De uitvoer ziet er ongeveer als volgt uit:

SERVICE_NAME: .NET Joke Service
    TYPE               : 10  WIN32_OWN_PROCESS
    STATE              : 3  STOP_PENDING
                            (STOPPABLE, NOT_PAUSABLE, ACCEPTS_SHUTDOWN)
    WIN32_EXIT_CODE    : 0  (0x0)
    SERVICE_EXIT_CODE  : 0  (0x0)
    CHECKPOINT         : 0x0
    WAIT_HINT          : 0x0

De servicestatuswordt overgezet van STOP_PENDING gestopt naar Gestopt.

De Windows-service verwijderen

Als u de Windows-service wilt verwijderen, gebruikt u de systeemeigen opdracht voor verwijderen van Windows Service Control Manager (sc.exe).
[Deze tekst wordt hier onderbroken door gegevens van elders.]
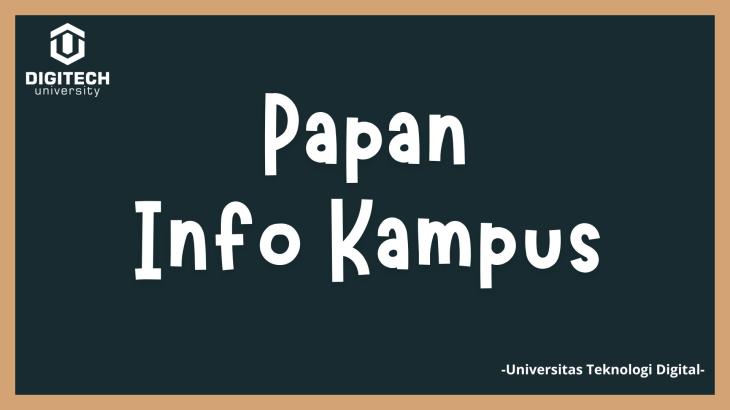 Penggunaan Ruangan Perkuliahan Selama Minggu Tenang dan UAS
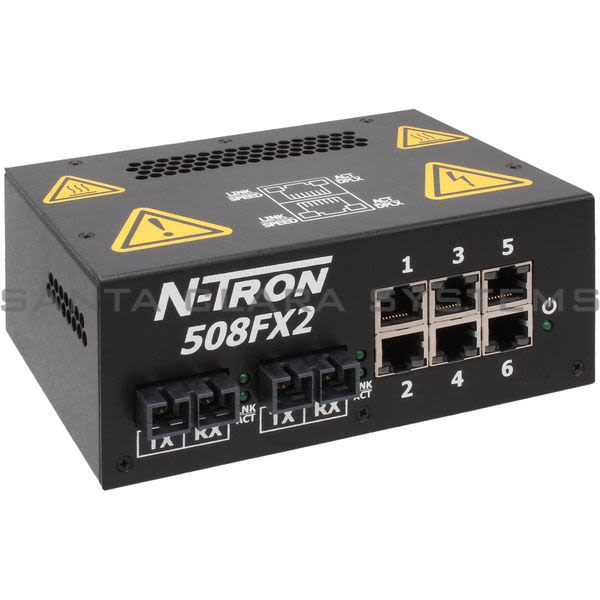 Red Lion Controls 508FX2-A-SC Ethernet Switch Product Image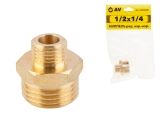 Male adaptor 1/2&quot; m. x 1/4&quot; m., AV Engineering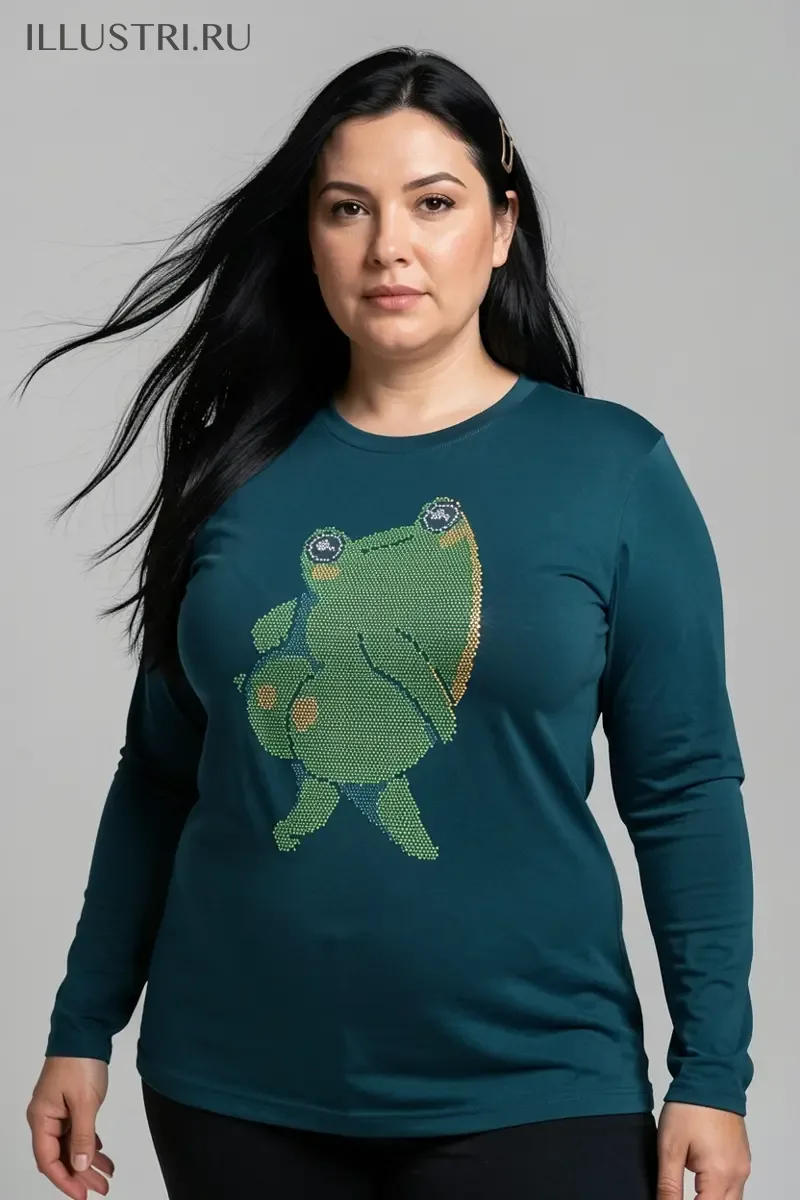 Визуализация Лягушка с попкой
Voer PowerShell uit als beheerder.

Belangrijk

Als de service niet de status Gestopt heeft, wordt deze niet onmiddellijk verwijderd. Zorg ervoor dat de service is gestopt voordat u de verwijderopdracht uitgeeft.

sc.exe delete ".NET Joke Service"

U ziet een uitvoerbericht:

[SC] DeleteService SUCCESS

Zie sc.exe delete voor meer informatie.